» **Brief**
The line that contains "Ferienwohnung Butique Maris" and all lines following it to the end of the data below: set these down exactly, and nothing besides.

Short text fragments from websites
- - - - - - -

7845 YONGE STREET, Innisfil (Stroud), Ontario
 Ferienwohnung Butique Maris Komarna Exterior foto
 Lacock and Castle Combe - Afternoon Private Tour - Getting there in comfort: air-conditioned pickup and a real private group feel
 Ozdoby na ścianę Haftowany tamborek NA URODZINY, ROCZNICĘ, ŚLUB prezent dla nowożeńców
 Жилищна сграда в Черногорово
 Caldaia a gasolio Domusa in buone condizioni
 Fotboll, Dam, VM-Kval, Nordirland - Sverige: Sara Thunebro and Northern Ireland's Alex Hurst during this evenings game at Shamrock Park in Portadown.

- - - - - - -

» **Solved problem**
 Ferienwohnung Butique Maris Komarna Exterior foto
 Lacock and Castle Combe - Afternoon Private Tour - Getting there in comfort: air-conditioned pickup and a real private group feel
 Ozdoby na ścianę Haftowany tamborek NA URODZINY, ROCZNICĘ, ŚLUB prezent dla nowożeńców
 Жилищна сграда в Черногорово
 Caldaia a gasolio Domusa in buone condizioni
 Fotboll, Dam, VM-Kval, Nordirland - Sverige: Sara Thunebro and Northern Ireland's Alex Hurst during this evenings game at Shamrock Park in Portadown.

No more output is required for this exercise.